### What the task asks
Every line from the one with "3 bedroom flat to rent - Photo 1" to the one with "Anushka at NAC", including those two, is to be copied exactly; all other lines of the entries below are left out.

Data extracts: Begin

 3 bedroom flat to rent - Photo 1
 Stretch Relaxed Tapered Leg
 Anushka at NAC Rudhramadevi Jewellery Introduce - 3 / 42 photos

Data extracts: End
Data extracts: Begin

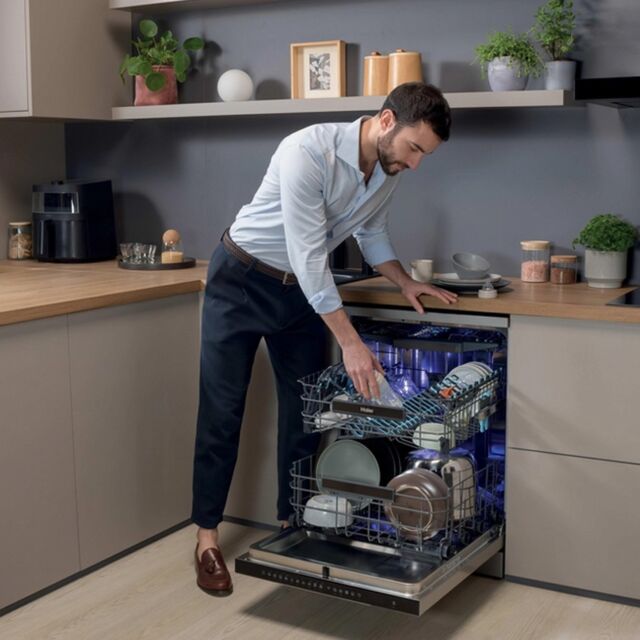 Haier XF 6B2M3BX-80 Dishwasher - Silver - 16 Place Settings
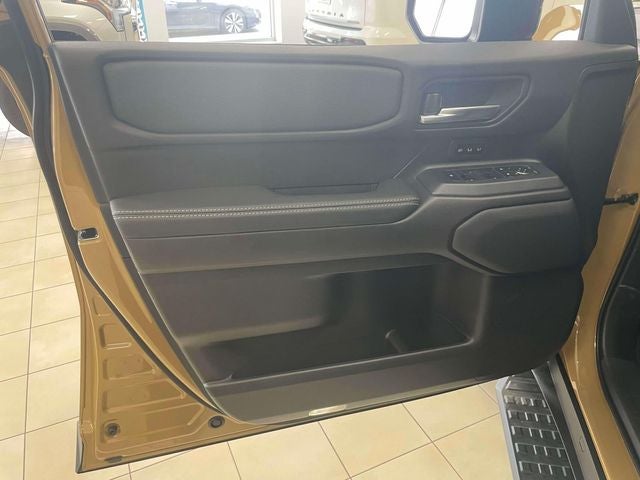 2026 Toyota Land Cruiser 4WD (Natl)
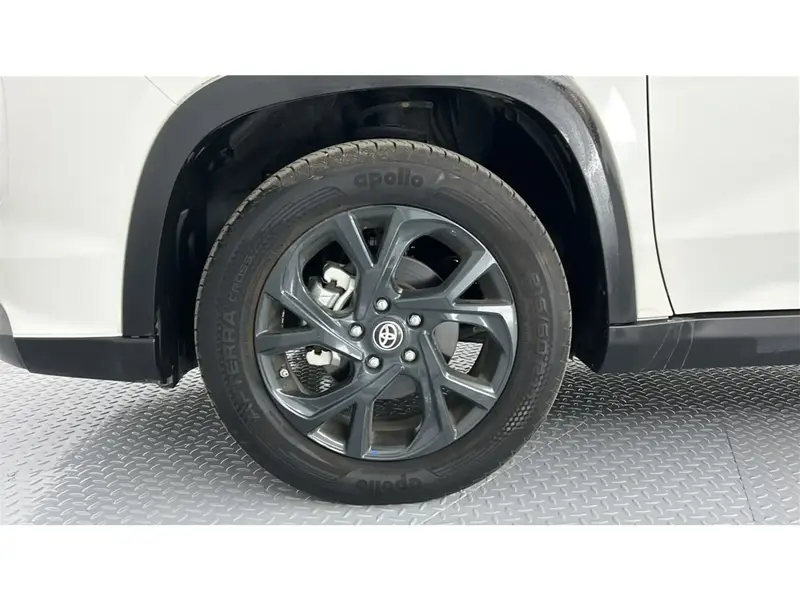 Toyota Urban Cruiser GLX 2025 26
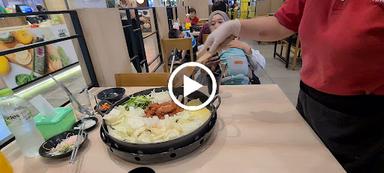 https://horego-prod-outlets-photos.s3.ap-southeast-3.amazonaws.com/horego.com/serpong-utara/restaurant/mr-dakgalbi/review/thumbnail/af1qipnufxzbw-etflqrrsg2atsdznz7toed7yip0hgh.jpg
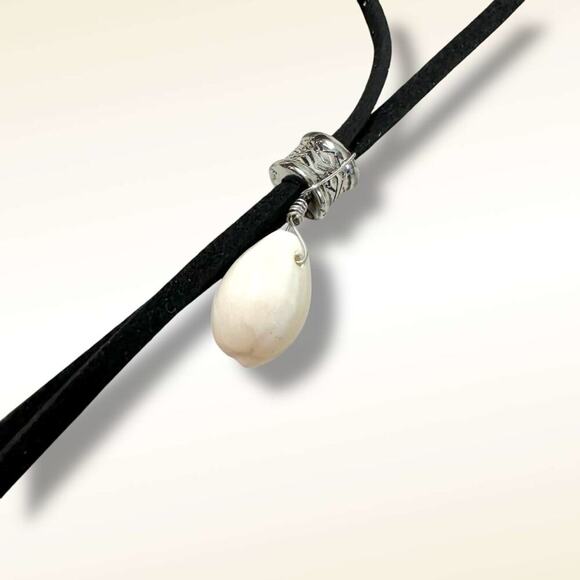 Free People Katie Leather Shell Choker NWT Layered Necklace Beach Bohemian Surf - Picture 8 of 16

Data extracts: End

### Output
 3 bedroom flat to rent - Photo 1
 Stretch Relaxed Tapered Leg
 Anushka at NAC Rudhramadevi Jewellery Introduce - 3 / 42 photos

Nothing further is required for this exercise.